In finance, each new development leads to another development. Asset-backed commercial paper, or asset-based lending, is no exception. "One relatively new technique for companies that want to clean up their balance sheets is the securitization of receivables," says Robert E. Flaherty, president of Chatham Associates, a financial consulting firm in Boston. Flaherty headed the retail factoring business at Bank of New York and, later, at Bank of Boston.

By securitizing receivables, a company can go into the market in a manner much like factoring. But unlike factoring, the receivables are still serviced by the company selling its paper. "In many instances, the company selling its receivables in the market does so for very brief periods of time - 30 days or so - and then buys them all back," Flaherty says.

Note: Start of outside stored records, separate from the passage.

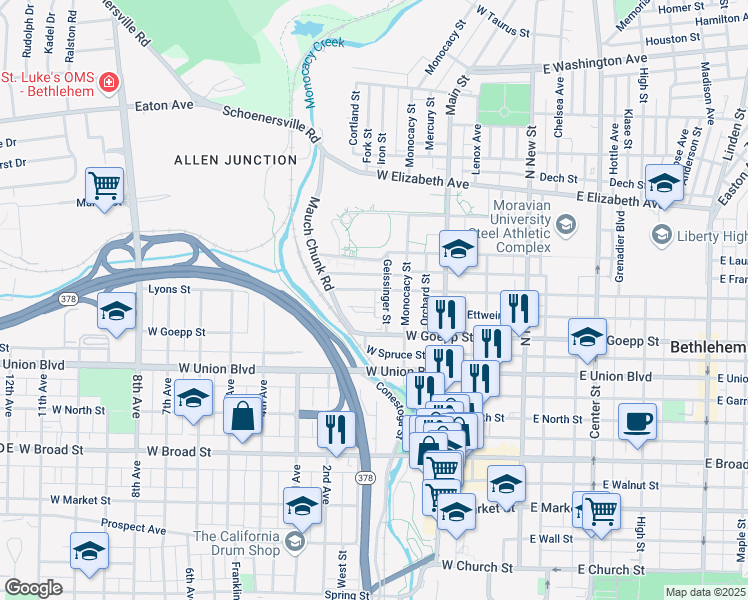 map of restaurants, bars, coffee shops, grocery stores, and more near 251 West Fairview Street in Bethlehem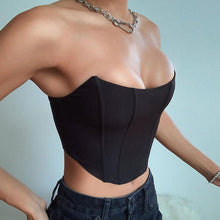 Load image into Gallery viewer, Velvet Fashion Sexy Corset Crop Top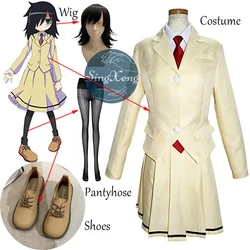 SingXeng Anime WataMote Tomoko Kuroki Cosplay Costume Customize Women Girls Lovely Yellow Jk Skirt Uniform Outfits Halloween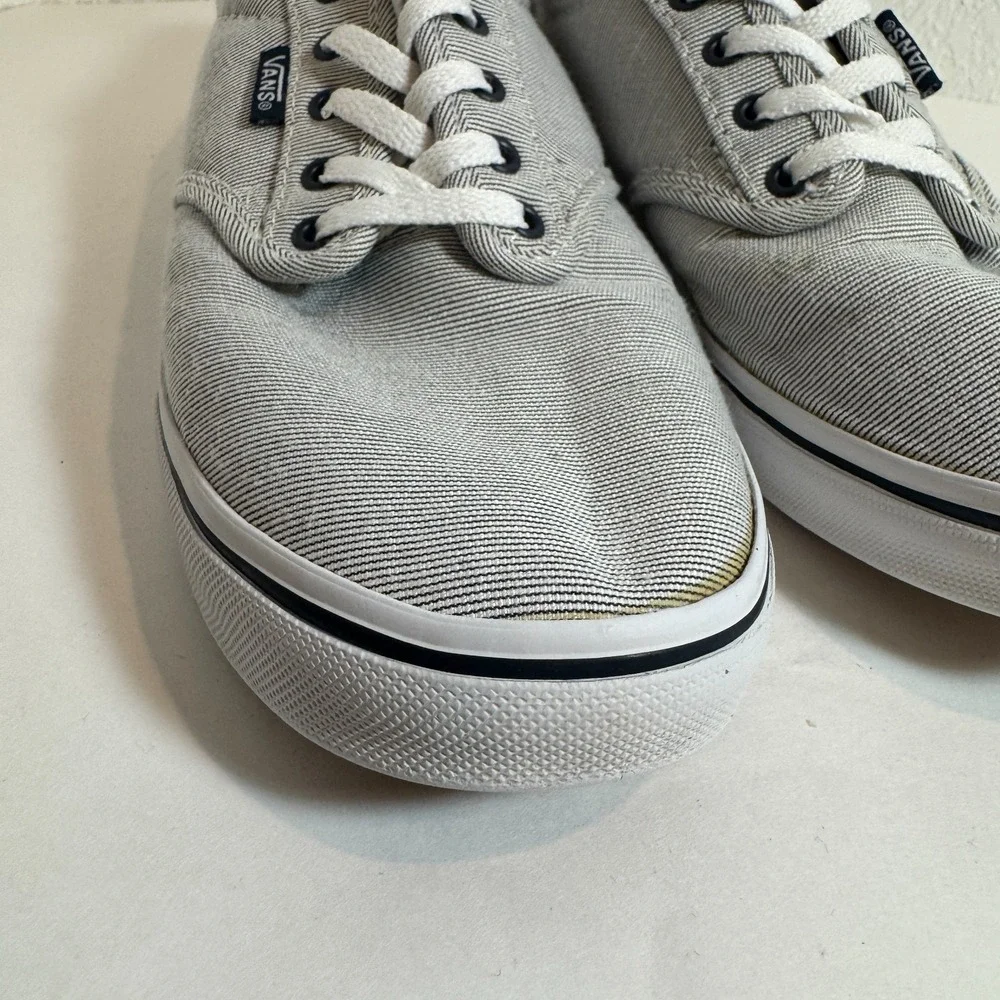 Vans Atwood Low Lace Up Skate Canvas Micro Stripe‎ Navy & White Shoes Womens 7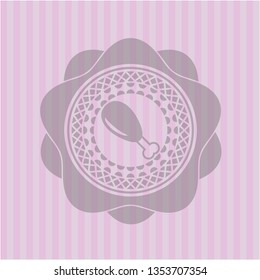 chicken leg icon inside pink emblem. Vintage.
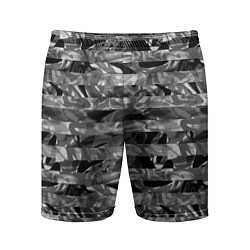 Шорты спортивные мужские Черно -белый полосатый узор, цвет: 3D-принт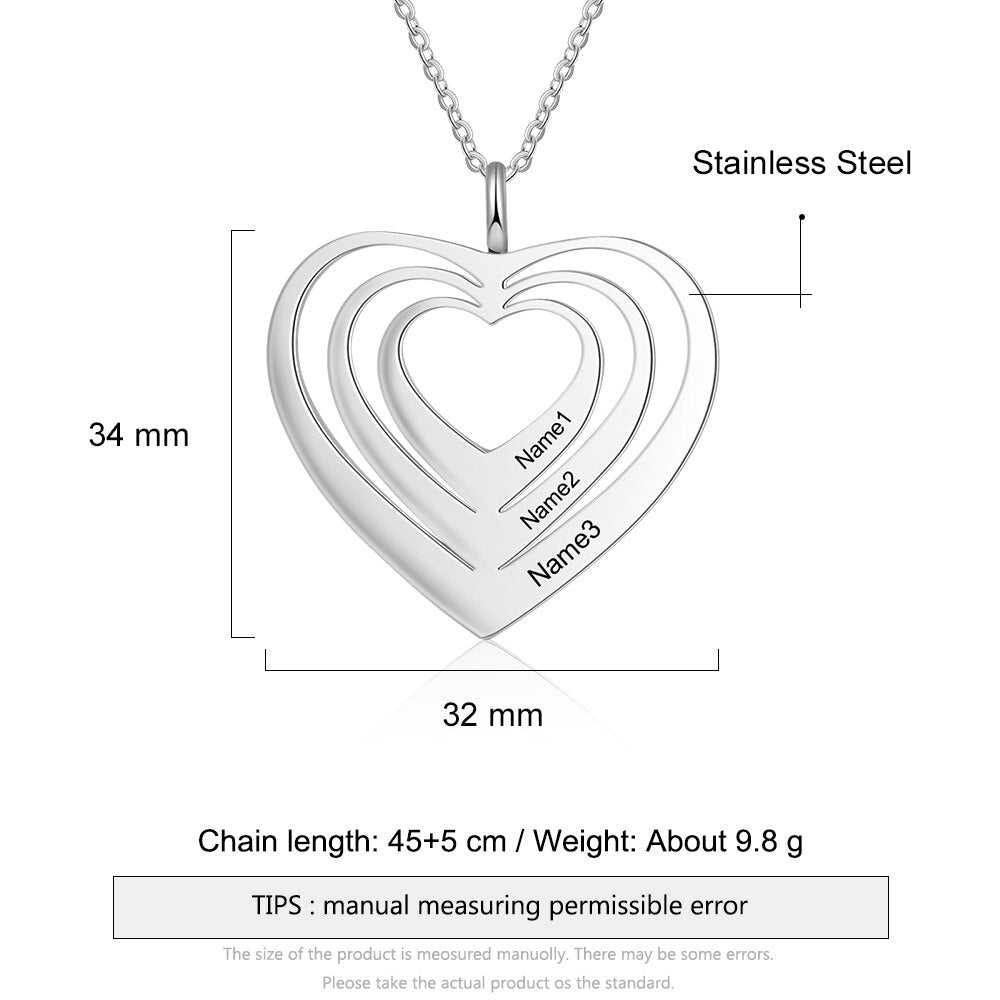 Customized 3 Hearts Pendant Personalized Engraving Name Necklaces - MERGE.DAY.1.FREESTYLE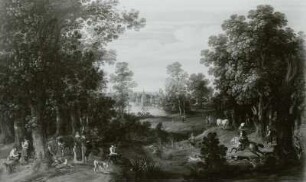 Waldlandschaft mit Hirschjagd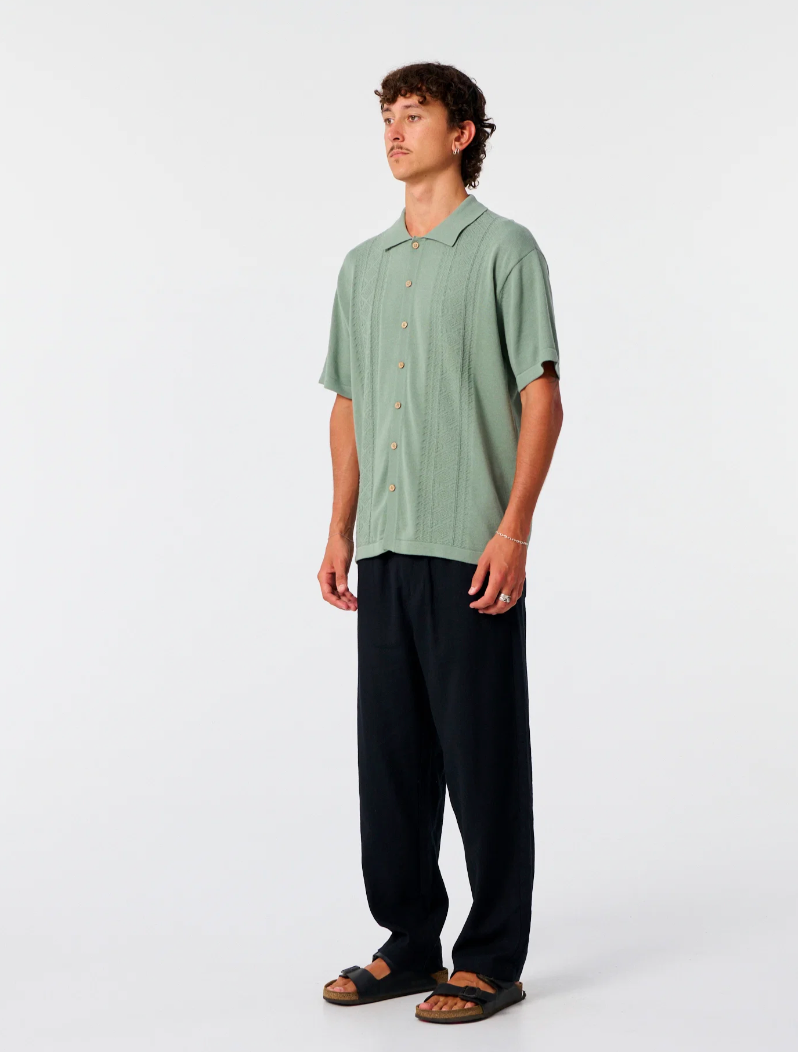 Trader Knit Shirt - Dusty Green | The Critical Slide Society
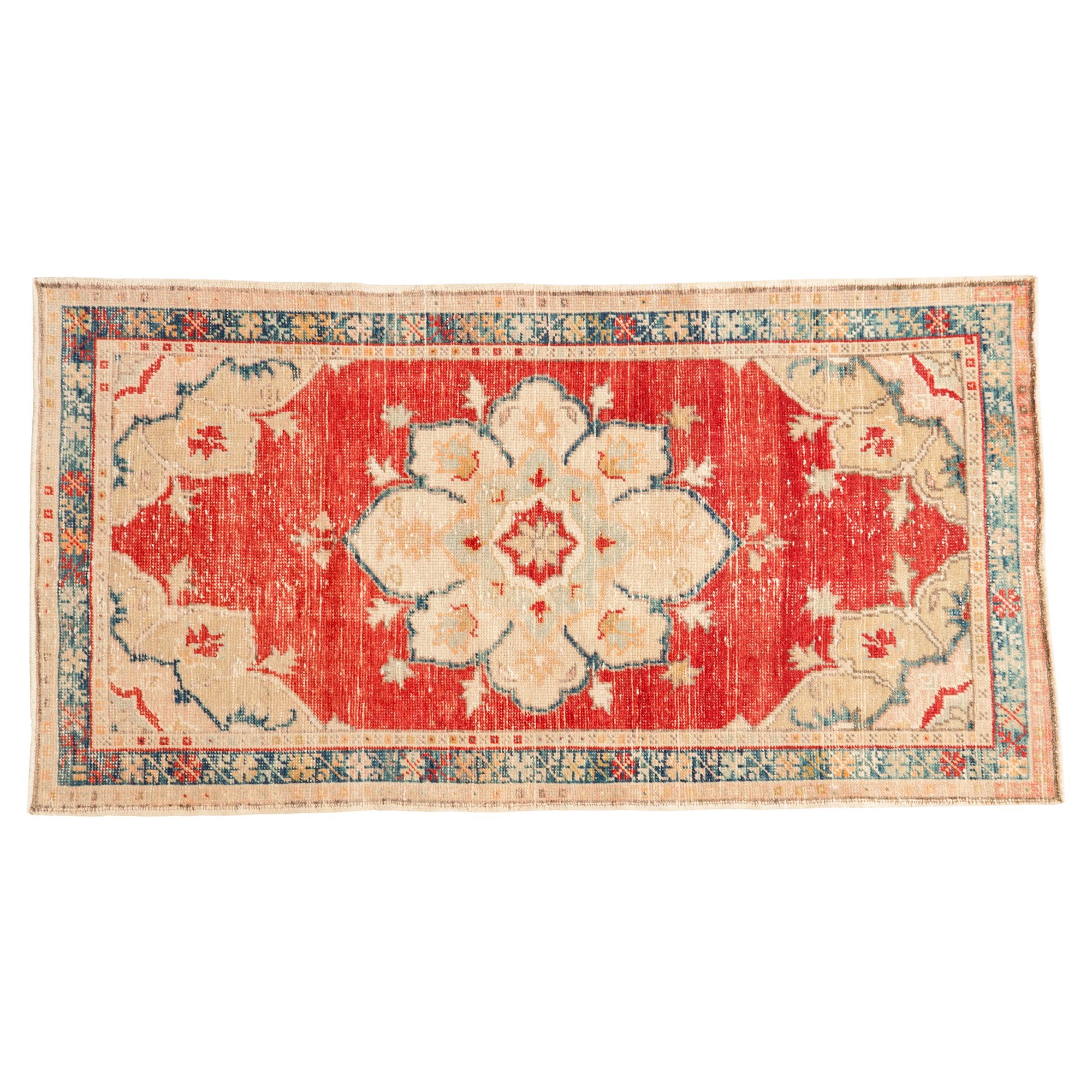 Vintage Distressed Oushak Rug Runner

Though costs vary, securitization of receivables is generally more cost-effective than factoring or letters of credit. "Generally, the cost for a mid-cap company is 100 to 150 basis points lower than the marginal costs of borrowing from a bank." On top of that, there are steep lawyers' fees, which, Flaherty says, have been falling as the technique catches on and volume grows. Currently, there is about $60 billion outstanding in securitized receivables.

By selling the receivables for 30 days or less, companies get a chance to put a little extra cash on the books at the most opportune moments. Doing this over the short term and at strategic intervals - before the quarterly lunch with analysts or at the close of a fiscal year, for example - can add a measure of visible bounce to a company's otherwise gloomy ledger. By the time the analysts move on to another company, or the new fiscal year begins, the receivables can be repurchased so that key customers never know they were bought and sold, and all vital relationships remain intact.

It's getting easier to enter and exit the market quickly as the technique becomes more commonplace. A number of investment banks, working closely with corporate law firms, can take a pile of messy receivables - $50 million to $100 million or more - and turn them into a tidy security in under a week, according to Moody's Adelson. After they are securitized, "then we rate them just like any other corporate paper," he says. The leader in the field - the major investment conduit - is Citibank, followed by First Chicago. These big players take receivables from large and mid-size companies, merge them into pools, and sell them to investors.

But the real future of securitizing receivables may not lie in selling bundles of paper in the anonymous market. Instead, it may rest in the private placement of these products, with banks acting more as packagers and brokers. "A company with excess cash swaps some of that cash for the receivables of a cash-strapped company," says Flaherty. When the cash rolls in, "the selling company buys back its receivables." Both companies benefit, he says. The only real losers are the banks, who "move down the food chain from lender to broker."

Joel Kurtzman, former editor of The Harvard Business Review, is an international business consultant and author. He is the director of the International Trade Program at The Manhattan Institute.